- Assignment: Write out exactly the lines running from the one with "Similarly, if you" to the end of the data, including both of those lines and excluding pictures.
──────
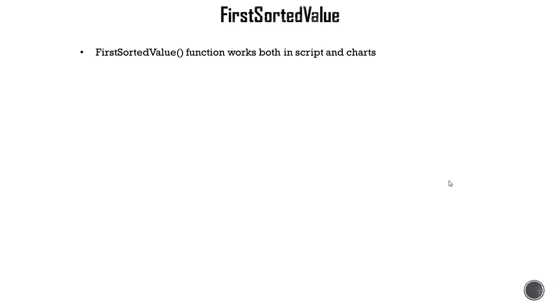Hello and welcome. Now let's look at another important function, FirstSortedValue. FirstSortedValue works very well with another advanced aggregation function we just looked at, and that's the aggr function. So let's go over the basics first and then I'll show you an example.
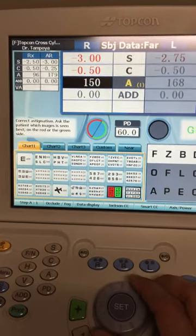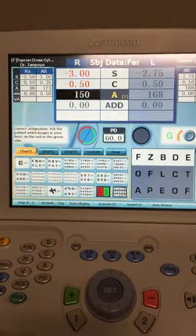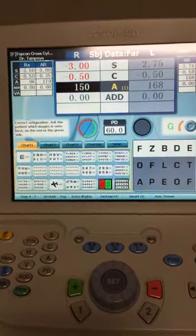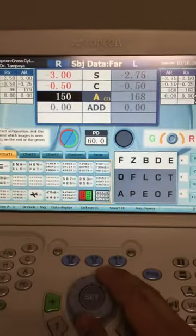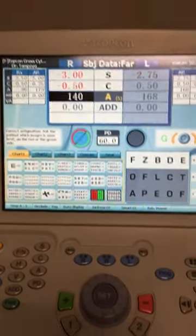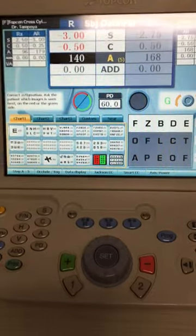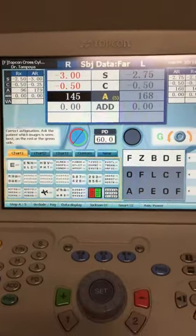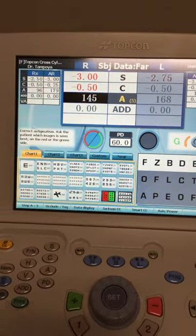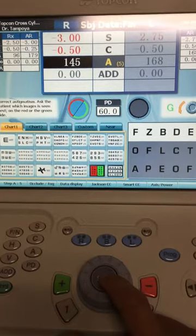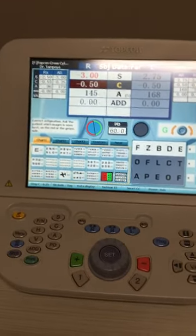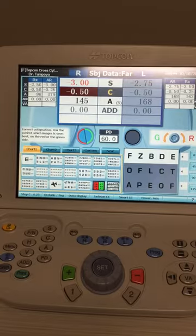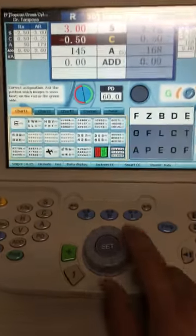If you want smaller increments, press the STEP A button and it changes to one degree per step instead of five. After moving the axis, if the patient says red is clearer, narrow it down — go from 15 degrees to 10 degrees by moving two steps. Verify it's on 5-degree steps and ask again. If they say green, do one step in the green direction and stop to narrow it down. Press SET when done with the axis — it'll move up to the cylinder. Ask which side is clearer; if they say about the same, press SET again.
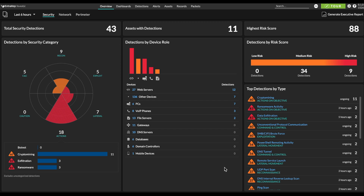Currently, 266 tactics, techniques, and procedures are represented in their enterprise framework. This is a great tool for security teams to use to take a broad view of the types of attack behaviors they need to be able to detect and investigate in their environment.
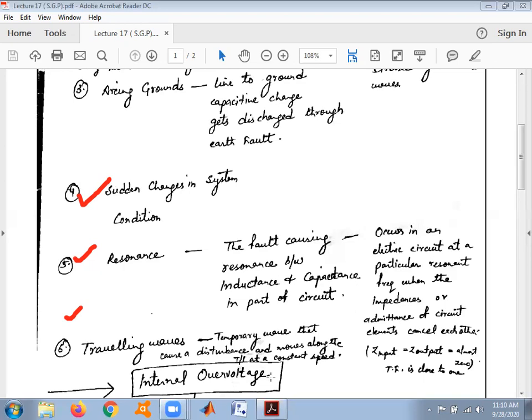We are discussing just a short introduction regarding the various causes of over voltages in the power system. Our main focus today is towards switching surges. Last but not least is the travelling waves concept. These are six most common reasons for over voltages in the power system — there are more reasons, but these six are within our syllabus.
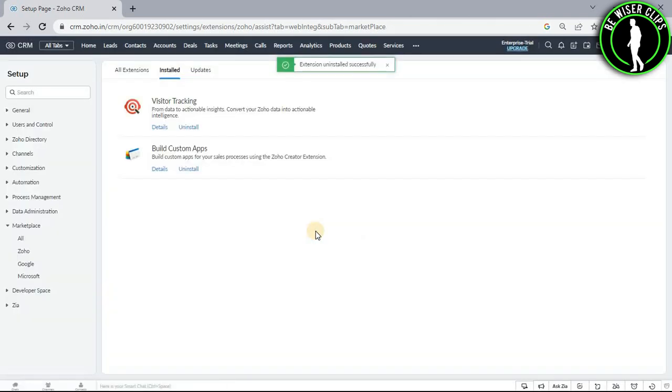And now, just like that, you have successfully uninstalled Zoho Assist from your Zoho CRM account. So that's how you can uninstall Zoho Assist from your Zoho CRM platform.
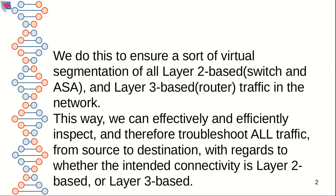We do this to ensure a sort of virtual segmentation of all layer 2 based switching ASA and layer 3 based router traffic in the network. This way we can effectively and efficiently inspect and therefore troubleshoot all traffic from source to destination, with regards to whether the intended connectivity is layer 2 based or layer 3 based.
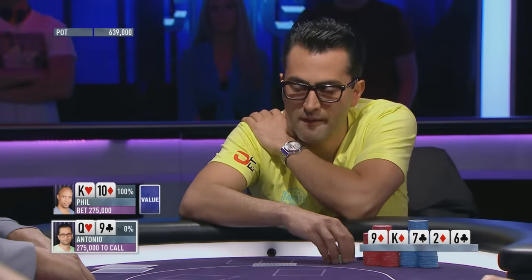Phil shoves. Most of the time this is a fold, but Antonio's lost two hands in a row and he's probably a little frustrated. Antonio's clock is ticking. He folds. And Phil takes the chip lead. A chip lead that Antonio had held exclusively since the start of this final table.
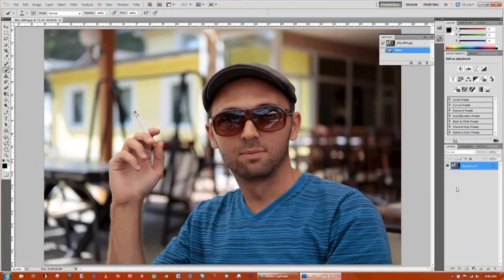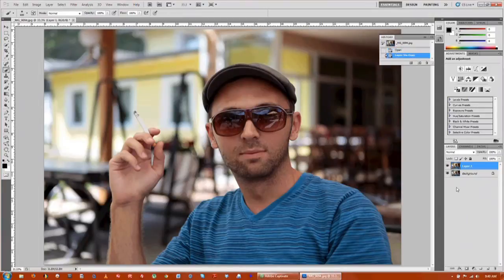And you want to duplicate your photo first. I always like to do that just to be safe, and that's Control J.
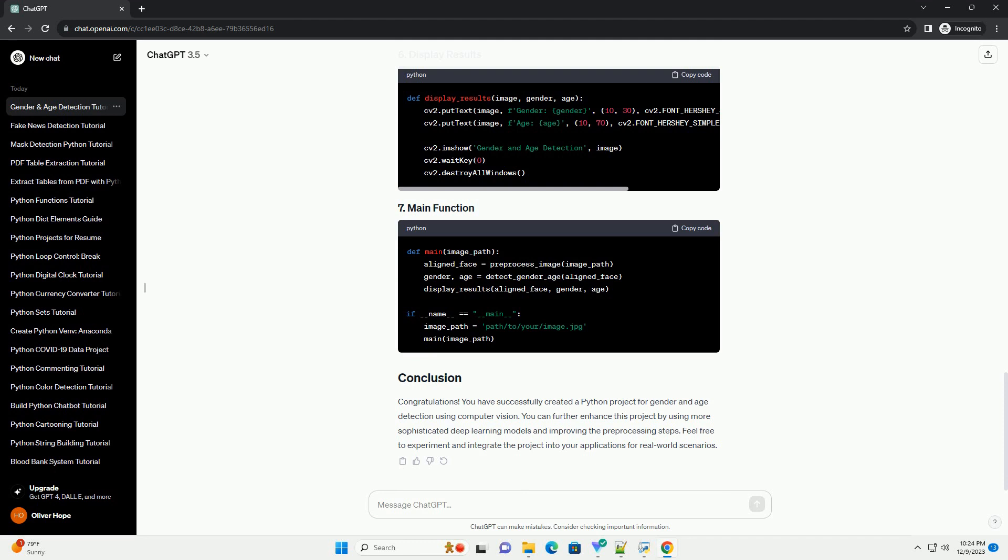Shape_predictor_68_face_landmarks.dat, a pre-trained model for facial landmark detection.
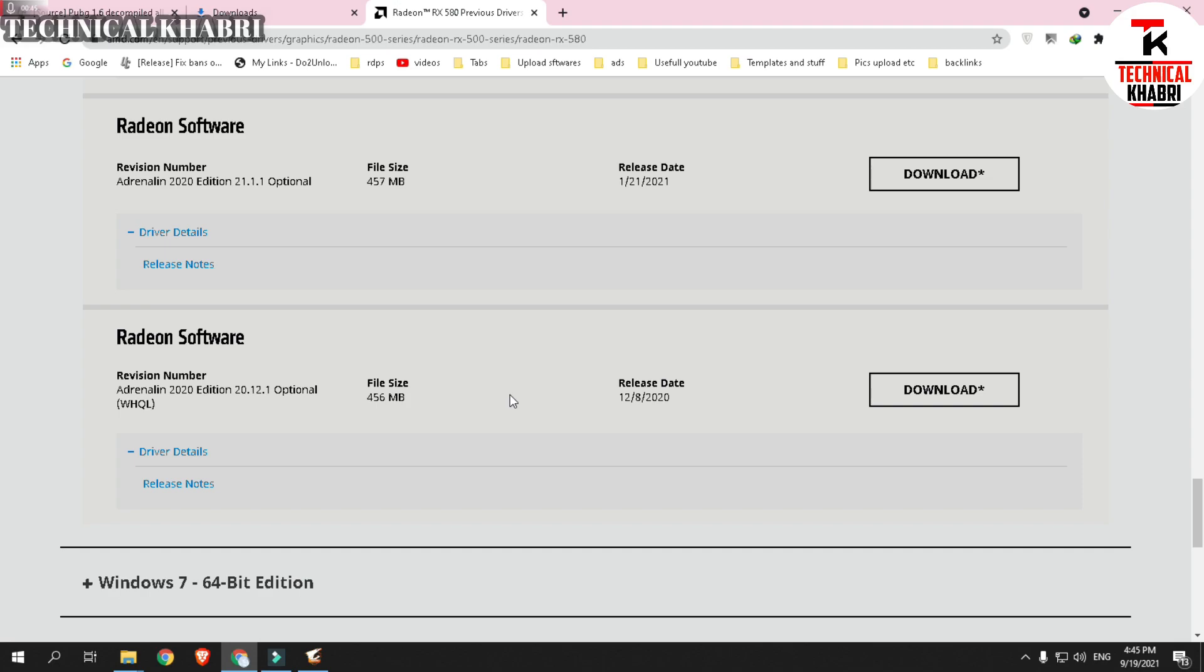Similarly, if you are using NVIDIA, you can go to their website and search for previous drivers and you can download them from there.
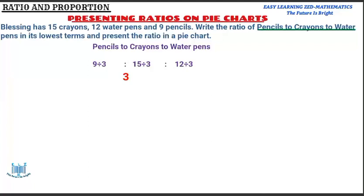I'm going to divide each number by 3: 9 divided by 3 gives us 3, 15 divided by 3 gives us 5, and 12 divided by 3 gives us 4. This is the ratio in its lowest terms. We have reduced the ratio from 9:15:12 to 3:5:4. We are done answering the first part of the question.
──────
- Solved exercise:
Similarly, if you are using NVIDIA, you can go to their website and search for previous drivers and you can download them from there.
I'm going to divide each number by 3: 9 divided by 3 gives us 3, 15 divided by 3 gives us 5, and 12 divided by 3 gives us 4. This is the ratio in its lowest terms. We have reduced the ratio from 9:15:12 to 3:5:4. We are done answering the first part of the question.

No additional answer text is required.